* PROMPT:
From the data below, return only the lines from the one with "Helmut Bucher, Gründungsmitglied" through the one with "Arbroïde après Bonn, en Allemagne", exact and inclusive, with pictures left out.

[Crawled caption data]
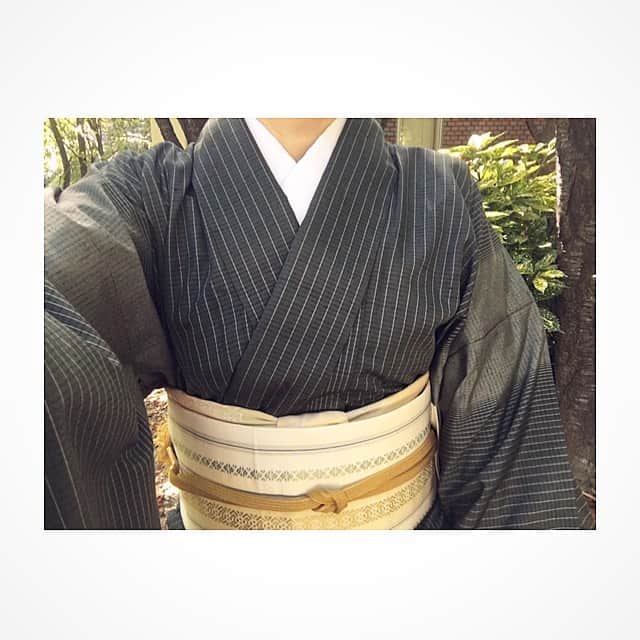 ecruのインスタグラム：「2019/09/07 (sat) 毎日のように和装で過ごしていたのに全然写真を撮っていなかったので、久しぶりの着物picです。 ・ 今日は、遠くからお越しいただいた方のプライベートレッスンでしたが、単衣の着物を着たら暑くて…。 30度を超えるような気温では、何を着ても暑いですけどね💦 毎日着物で過ごしたいと思いつつ、なかなか涼しくならないので、秋が待ち遠しいです🍁 ・ #gon_kimono #kimono #着物 #着物コーデ #着物コーディネート #着付教室 #和装 #instagood #着物生活 #大人着物  #着物好き #instadaily  #happy #thankyou #プライベートレッスン #単衣 #紬 #博多織」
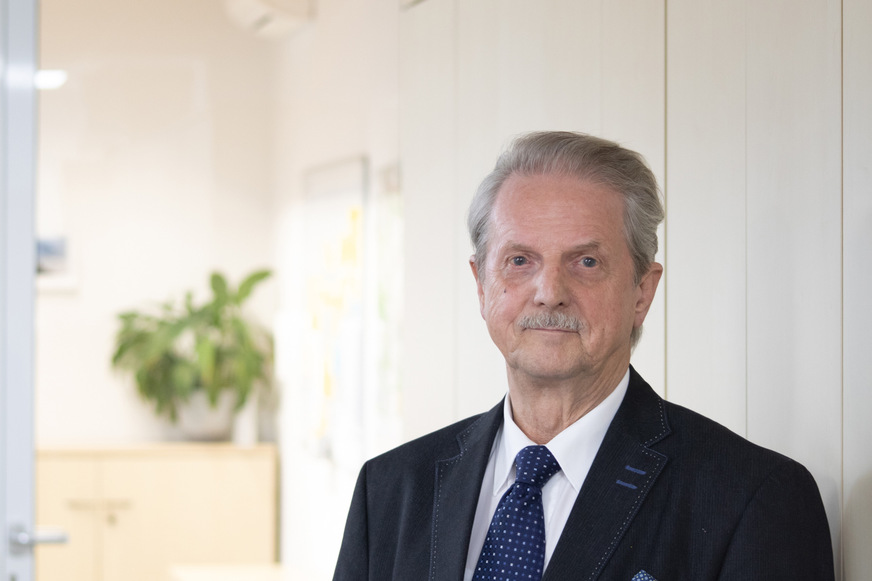 Helmut Bucher, Gründungsmitglied und langjähriger Geschäftsführer des Fortbildungswerks Haus- und Betriebstechnik (FHB), ist Ende 2025 in den Ruhestand gegangen.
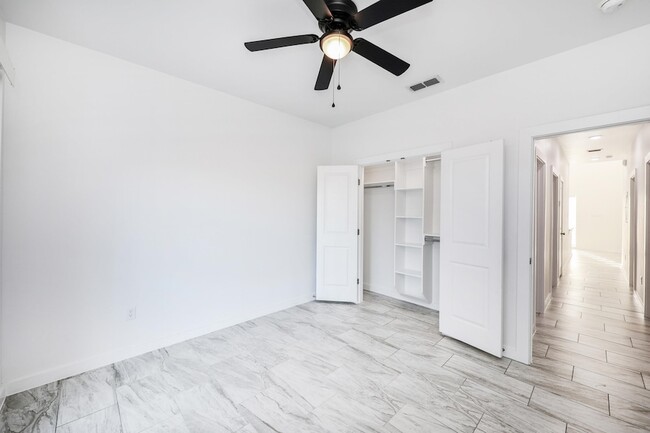 Building Photo - 3911 Casa Blanca Lake Rd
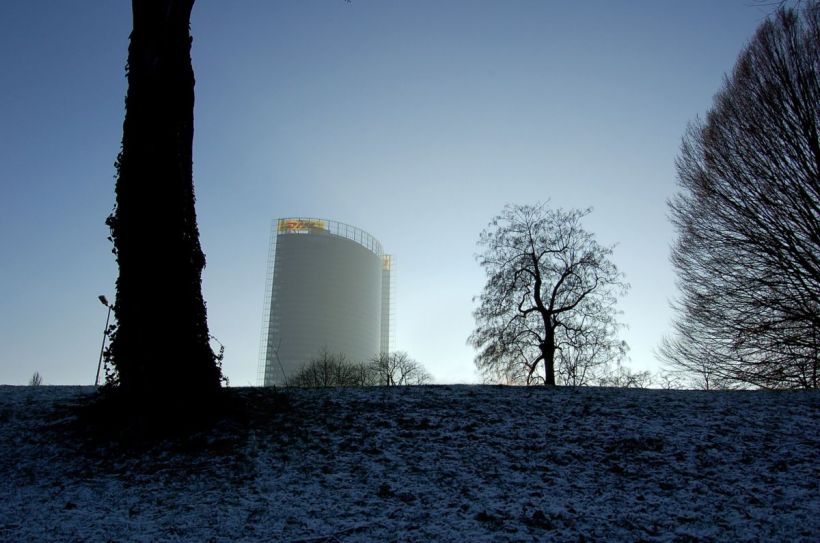 Arbroïde après Bonn, en Allemagne
Prise de vue : 22.12.2007, 14.24, lors d'une marche le long du Rhin, peu après Bonn, en Allemagne. Entre végétation et humanisation, l'arbre blanc tente de devenir quelque choseâ€¦Mais quoi ? Un shot plein de bonheur en tout cas !
Mots-clés: ice tree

* EXERCISE RESULT:
 Helmut Bucher, Gründungsmitglied und langjähriger Geschäftsführer des Fortbildungswerks Haus- und Betriebstechnik (FHB), ist Ende 2025 in den Ruhestand gegangen.
 Building Photo - 3911 Casa Blanca Lake Rd
 Arbroïde après Bonn, en Allemagne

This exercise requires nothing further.